I also talked to the nurse about being so nervous and everything. Basically she told me what everyone else has been telling me. That I just have to accept the fact I will be sick for a week and to not  struggle against it. Once I will start to feel better I should enjoy myself and go out and do fun stuff. It sounds so easy. But it's not. You can't just forget... It's not a switch you can just turn on and off  whenever you feel like it.

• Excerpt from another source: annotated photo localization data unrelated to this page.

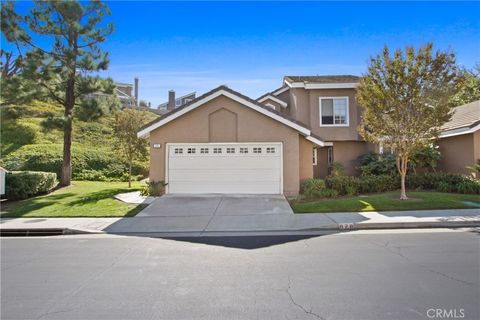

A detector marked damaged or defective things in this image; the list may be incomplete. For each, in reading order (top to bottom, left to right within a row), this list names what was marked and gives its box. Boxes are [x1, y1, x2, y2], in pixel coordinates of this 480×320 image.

crack in asphalt [372, 239, 476, 286]
crack in asphalt [286, 276, 324, 318]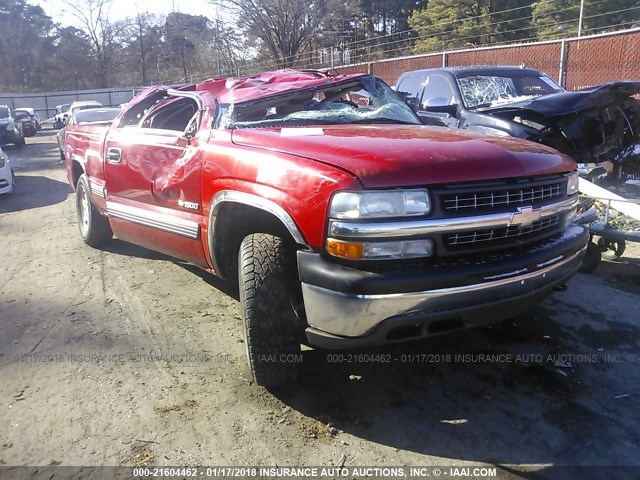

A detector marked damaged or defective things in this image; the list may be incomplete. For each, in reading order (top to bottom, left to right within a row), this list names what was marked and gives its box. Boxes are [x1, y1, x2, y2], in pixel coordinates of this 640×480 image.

shattered windshield [218, 75, 422, 128]
shattered windshield [460, 73, 560, 109]
damaged black vehicle [396, 68, 640, 185]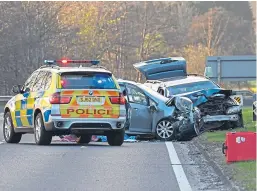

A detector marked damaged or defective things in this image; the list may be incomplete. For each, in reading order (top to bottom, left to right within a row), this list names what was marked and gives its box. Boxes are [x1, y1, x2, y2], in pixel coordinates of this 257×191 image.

blue damaged car [133, 57, 243, 130]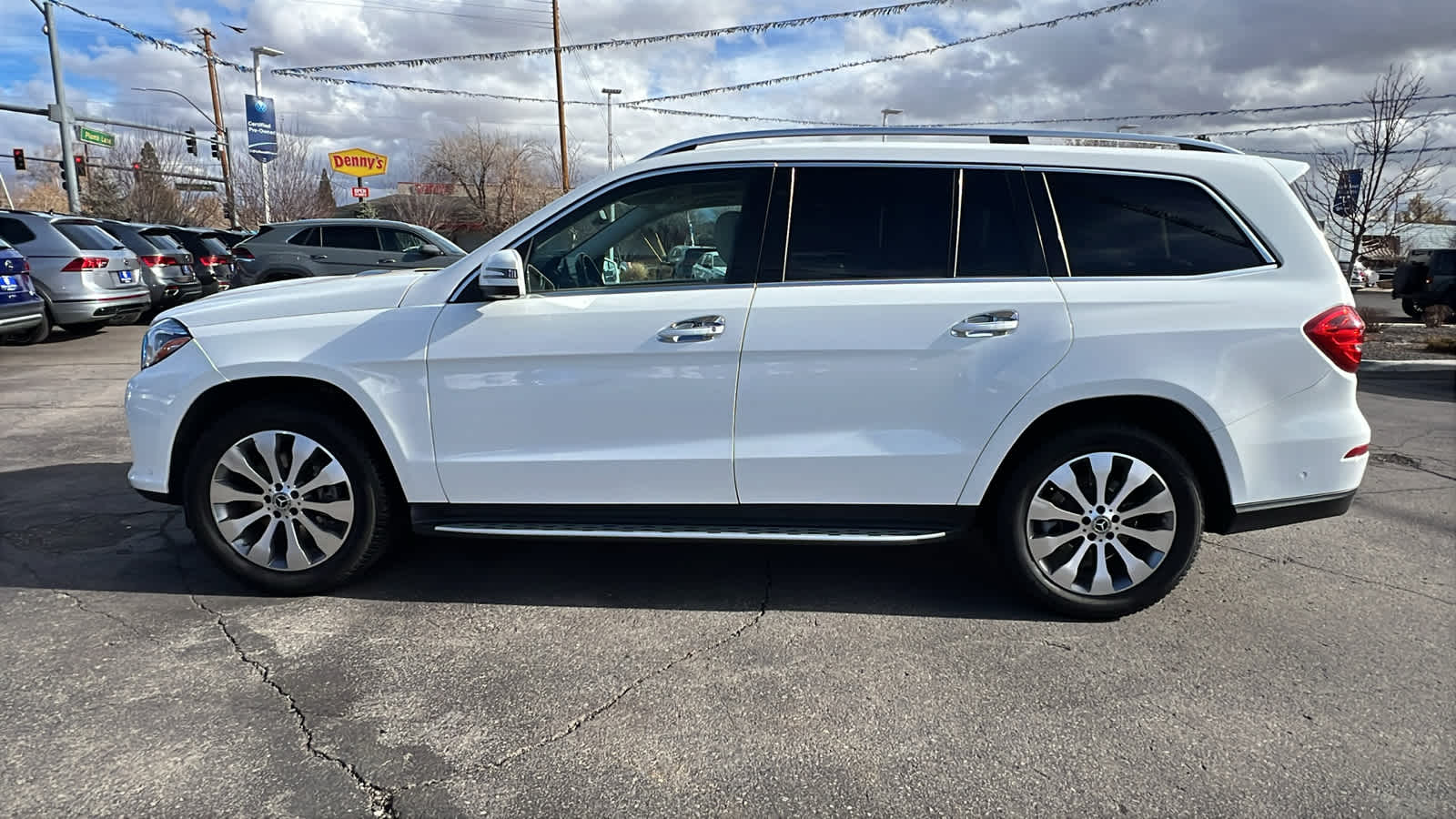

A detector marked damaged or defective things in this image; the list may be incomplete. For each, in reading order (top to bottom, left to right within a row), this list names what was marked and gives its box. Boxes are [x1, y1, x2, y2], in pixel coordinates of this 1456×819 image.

crack in pavement [192, 592, 404, 815]
crack in pavement [381, 553, 780, 810]
crack in pavement [1211, 539, 1450, 602]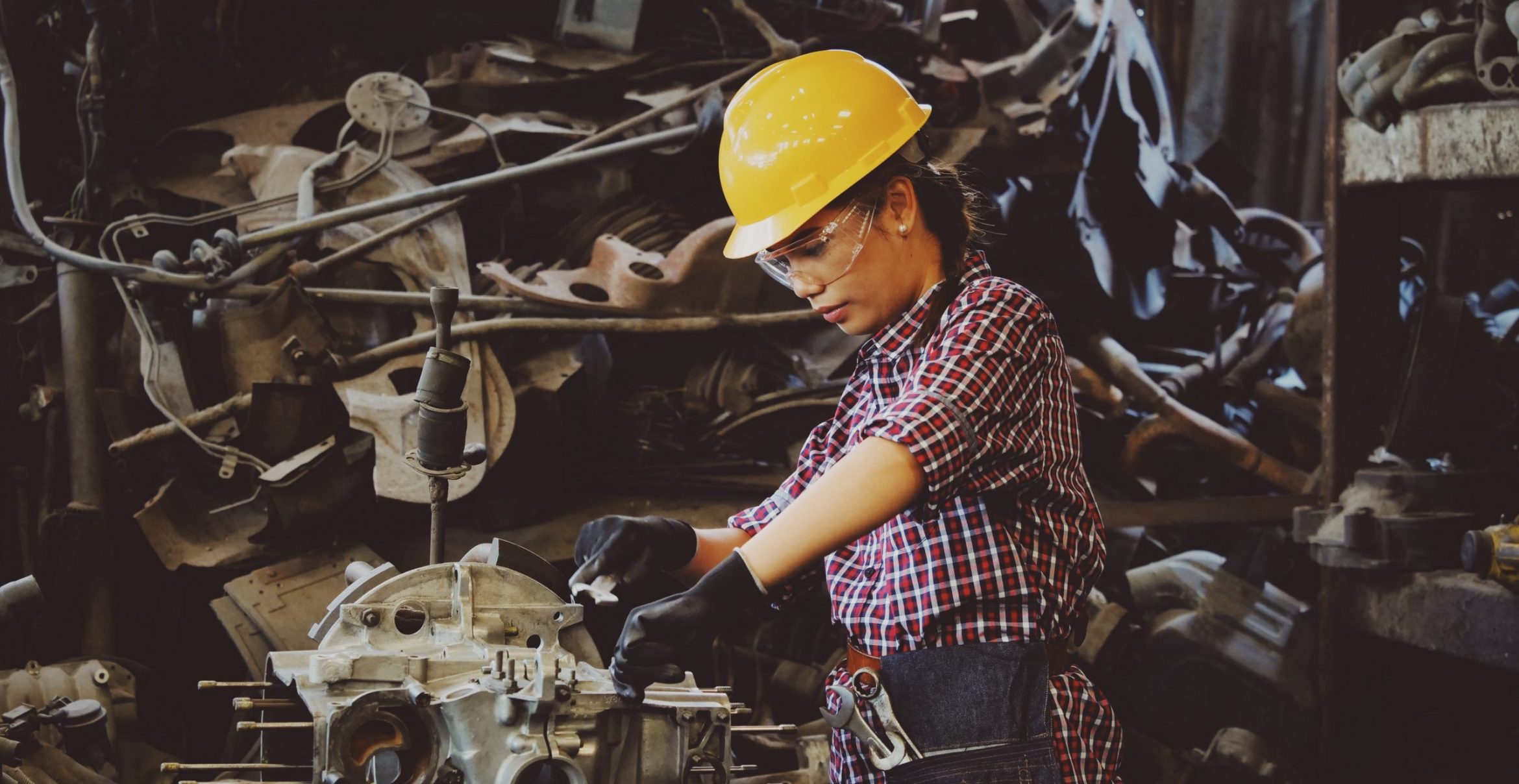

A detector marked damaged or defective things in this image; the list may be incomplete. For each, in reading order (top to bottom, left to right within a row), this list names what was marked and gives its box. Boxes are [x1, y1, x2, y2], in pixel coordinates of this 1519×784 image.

crumpled sheet metal [480, 215, 765, 317]
crumpled sheet metal [221, 143, 513, 501]
rusty metal pipe [340, 310, 826, 376]
rusty metal pipe [106, 395, 251, 456]
rusty metal pipe [1087, 330, 1312, 489]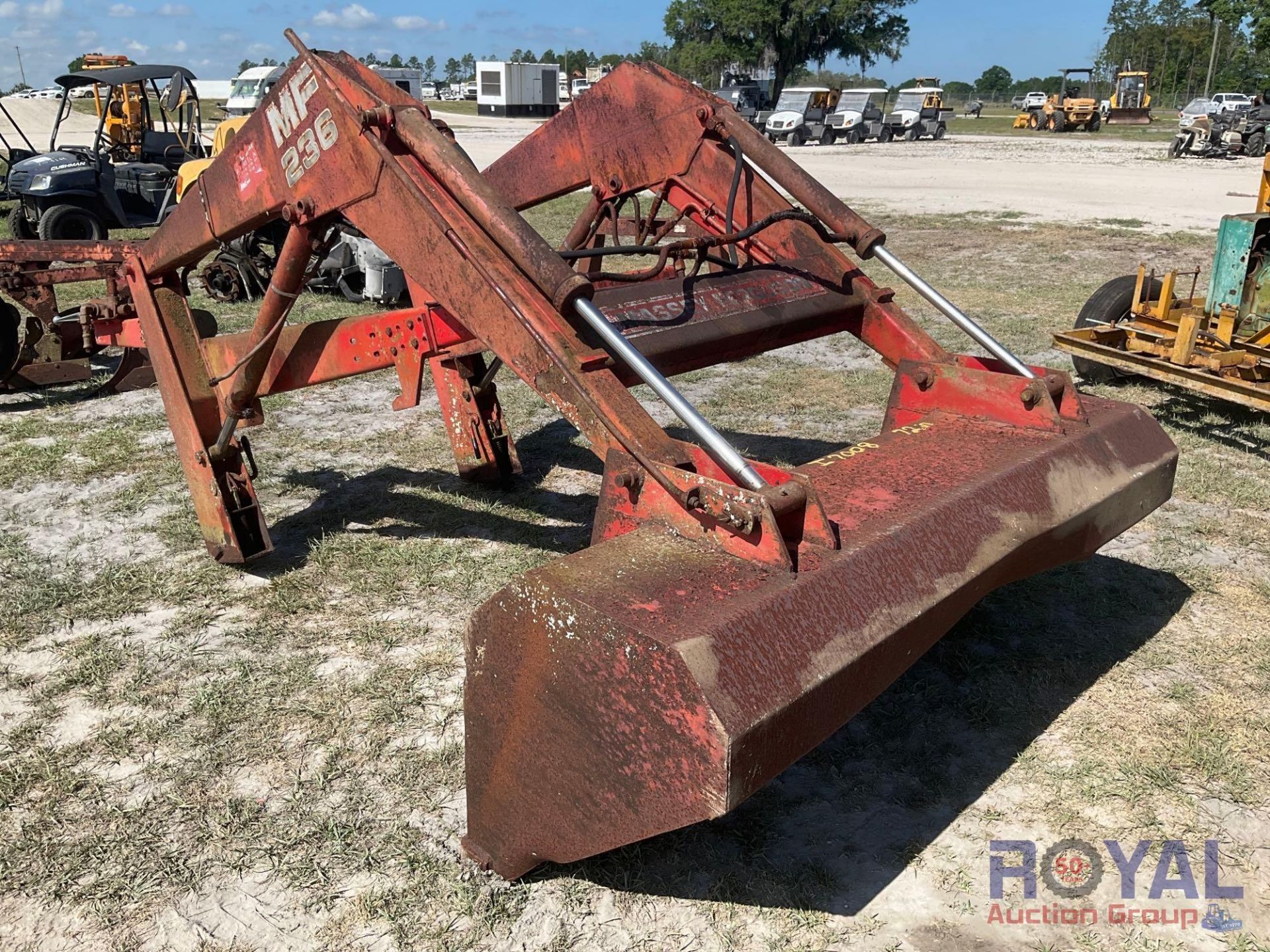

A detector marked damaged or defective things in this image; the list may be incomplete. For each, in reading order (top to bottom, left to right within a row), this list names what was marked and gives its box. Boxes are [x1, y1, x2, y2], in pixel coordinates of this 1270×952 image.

rusty red steel bucket [460, 368, 1175, 878]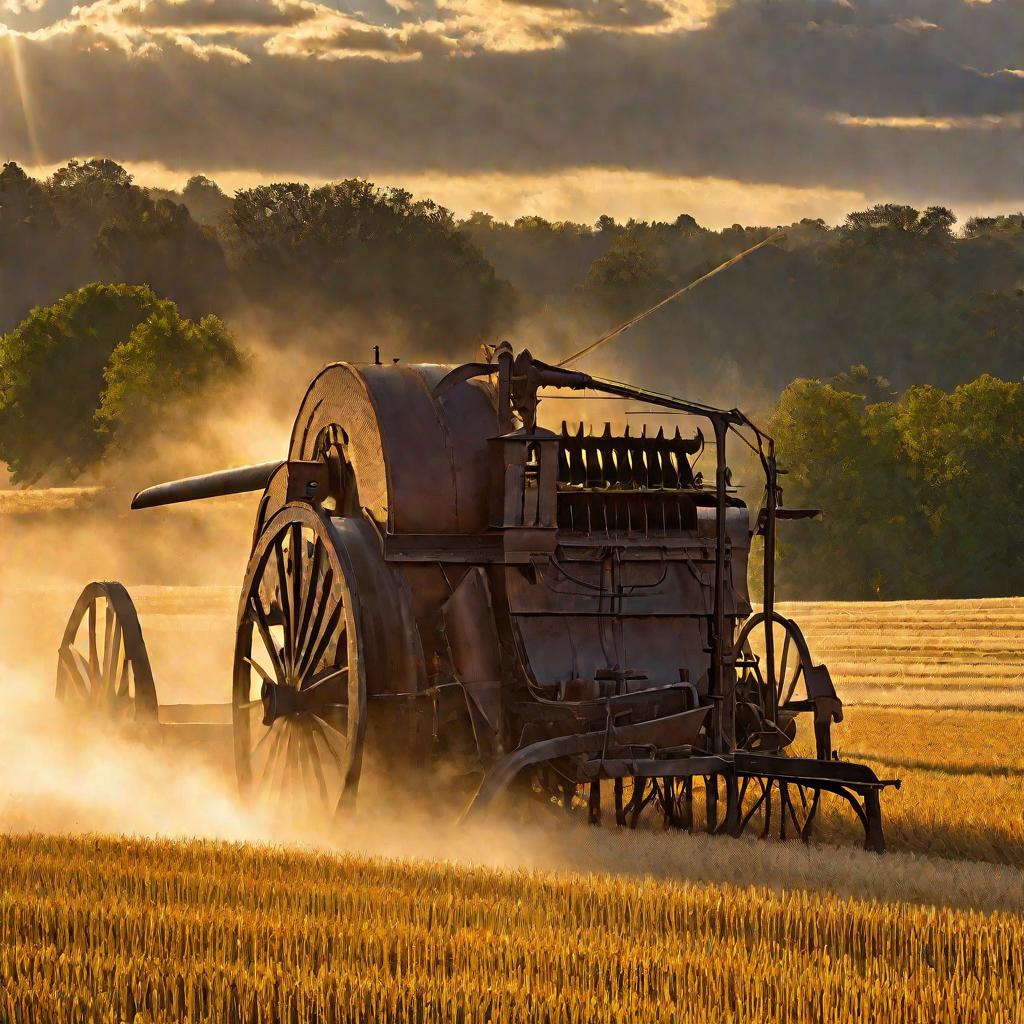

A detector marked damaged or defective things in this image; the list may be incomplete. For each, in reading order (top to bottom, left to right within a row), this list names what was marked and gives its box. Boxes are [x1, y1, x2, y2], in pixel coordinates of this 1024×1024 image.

rusty metal machine body [59, 344, 901, 847]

I remember after my first chemo I felt so relieved when I started to feel better again. But now it only seems to get harder and harder. I guess that makes sense. Although no chemo feels the same, you now know what to expect. And I hate it. I hate that black hole and everything that comes with it.

So this time I already started to feel sick a few hours after coming home. As expected I slept mostly through Christmas and I'm glad the Holidays are almost over. 2013 is peeking around the corner and it means I have to do ONE more AC. Then we're changing to TH with new meds, new side effects, new worries but also new hope.

December 11, 2012

The power of art

There's a song by Newton Faulkner called Uncomfortably Slow and at some point he sings: So don't take my photograph because I don't wanna know how it looks to feel like this. 

Photography has been a big creative outlet for me over the last three years. I would always describe my style as conceptual and artistic with a sense of sweetness. Fine art by a dreamer.

After being diagnosed with breast cancer I knew my photography would change as well. That black chemo hole kept haunting me for a while but after turning it into something visual I feel much better now.

I don't know how I will look back on this series in a few years... but I believe in documenting life. I believe in displacing the pain and putting it in a story or a poem, on canvas... or in a camera. The human suffering is art in its purest form.

The Black Hole

December 9, 2012

Then it's December

I always get a little melancholic at the end of the year. With the Holidays, my birthday (December 20) coming up.. and of course another year has passed by. What do you say to someone who will continues treatment in 2013 and will be on this medical roller coaster for at least another year? Happy fucking new year?!

My second chemo was pretty much the same. Except I started to feel sick that same night. So Saturday and Sunday weren't much fun either and then Monday I hit rock bottom and reached my black hole. Four or five days later I slowly start to crawl out of it again.

I have to say, chemo is the hardest thing I've ever done in my life. It's THE most darkest, loneliest, scariest, cold place you can imagine. I feel nauseous when looking at the Instagram pictures I took during chemo. I feel sick when I see an IV on TV. Even the thought of the smell of chemo pee brings me out in a rash.

So when I physically started to feel better, mentally I was in a different state of mind. Mind and body are so out of balance these days. I will get my next, third round of chemo the day after my 31st birthday and will be sick during the Holidays. All and all I'm having the feeling number three is going to be a tough one. But once that one is over.. I will only get one more AC in 2013 and I'm very VERY happy about that! I am so hoping the TH is going to be easier and with less side effects!

So yes I'm feeling a little bit better again and I'm just going to try and enjoy the next two weeks of Holiday cheer.